Inconsapevoli del fatto che la sessualità è con noi da quando nasciamo quindi ci saranno aspetti legati all’educazione emotiva, sessuale e sentimentale, che andranno a competere per l’autorealizzazione del proprio sé, permettendo a ogni soggetto di autodeterminarsi, svincolato da stereotipi sessisti e binari.

Nel 2010 l’Organizzazione mondiale per la sanità (Oms) ha pubblicato gli Standard per l’educazione sessuale in Europa.

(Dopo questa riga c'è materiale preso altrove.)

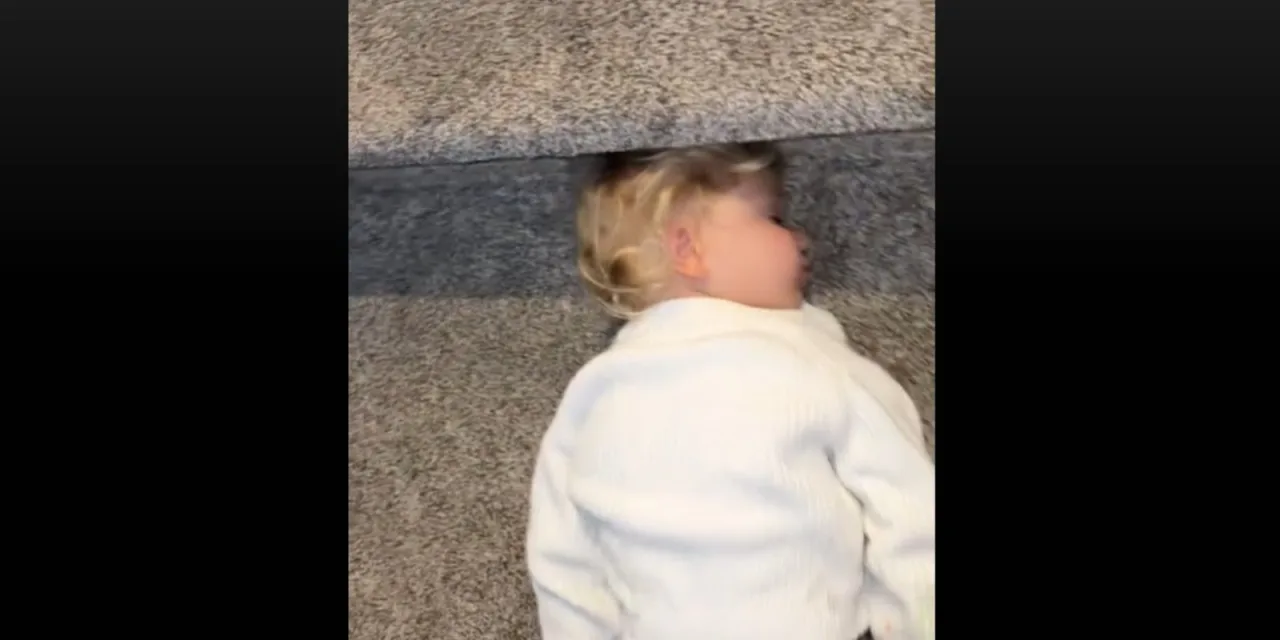Δεν κοιμάται το μικρό σας; Ένα viral video αποκαλύπτει, ότι τελικά ο ύπνος… νικά!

Elaborati da un gruppo di 19 esperti provenienti da nove nazioni diverse, gli standard “indicano ciò che bambin* e ragazz*, nelle diverse età a partire dalla nascita, dovrebbero sapere e comprendere per poter crescere in modo gratificante, positivo e sano per quanto attiene la sessualità”.

Il documento voleva sostenere la causa dell’educazione sessuale e aiutare a definire i programmi curricolari nei differenti gradi dell’istruzione. Sono 69 pagine nelle quali l’Oms sostiene l’opportunità di un’educazione sessuale olistica, che veda la sessualità definita in termini più ampi, e renederla partecipativa, continuativa, contestualizzata e dunque adattata alle specifiche caratteristiche di ciascun Paese.

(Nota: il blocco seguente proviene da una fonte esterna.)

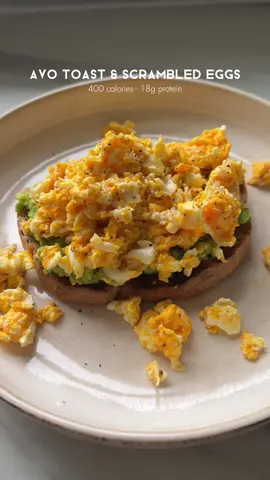 avo toast & scrambled eggs🥑🍳 the perfect well balanced and delicious breakfast! macros: cals • 400 protein • 18g carbs • 25g fat • 25g ingredients: •1 piece of sourdough •60g avocado •2 eggs •light butter recipe: •add the butter to a pan over a medium heat, crack in the eggs and push around until cooked through and scrambled. •toast your sourdough •add the avocado to a bowl with salt, pepper and garlic granules and mash up. •plate up and enjoy!!😮‍💨 #caloriedeficit #caloriecounting #lowcalorierecipe #lowcalorie #fyp #weightloss #EasyRecipe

In Italia la scuola e gli insegnanti rinunciano al loro ruolo di educatori, lasciando i ragazzi completamente soli.

Ribadiamo che la scuola non è un territorio neutro rispetto alla sessualità. Non può essere una zona sterilizzata dagli adulti quando è molto vissuta e agitata da parte degli student*. Bisogna renderla un luogo formativo ed educativo non un luogo indifferente o addirittura censurante.

Purtroppo è così,  la scuola non fa altro che perpetuare i tabù sulla sessualità. Non solo quando si tratta di educazione sessuale, ma anche quando si tratta di educazione di genere, a partire dalla teoria del gender, che nega una sola visione binaria del genere, sostenendo che non ci sono maschi e femmine ma semplicemente persone, libere di assegnarsi autonomamente il genere che intimamente percepiscono al di là del loro sesso biologico o socialmente costruito.

Da una mancata socializzazione a questa tematica nascono e si diffondono violenza e stereotipi di genere ed una mancata consapevolezza del perché debbano essere decostruiti, del rispetto verso differenti scelte e orientamenti affettivi e sessuali.

In ciò la scuola è colpevole per non assumersi il compito di educare alla diversità e alla libertà di essere e decidere dei nostri corpi.

Vogliamo che la scuola diventi uno spazio sicuro e privo di stereotipi sessisti e binari, che garantisca l’accesso alle carriere alias per student* trans gender.

Vogliamo assorbenti e contraccezione gratuita, perché le disuguaglianze economiche non devono influire, e non basta che sugli assorbenti biodegradabili si diminuisca l’iva dal 22% al 5%. Perché questo non è altro che un falso passo in avanti per le politiche sociali, anzi si basa su una politica di green-pink washing.

Vogliamo che all’interno delle scuole siano presenti sportelli antiviolenza per permettere a tutte e tutti di denunciare casi di violenza, e che questi indirizzino studentesse e studenti nei consultori e nei centri cittadini.

Quest’ultimi devono garantire a pieno il diritto all’aborto, per far si che si assuma un atteggiamento in netta contrapposizione con il ddl pillon, disegno di legge misogino e violento sulle vite delle donne.

Vogliamo che la scuola cessi di veicolare la violenza di genere, in ogni sua forma. Perché violenza di genere non sono solo commenti sessisti e omotransfobici, ma anche una didattica in cui le materie vengono narrate dal solo punto di vista maschile.

Vogliamo una scuola diversa, libera e consapevole e soprattutto transfemminista.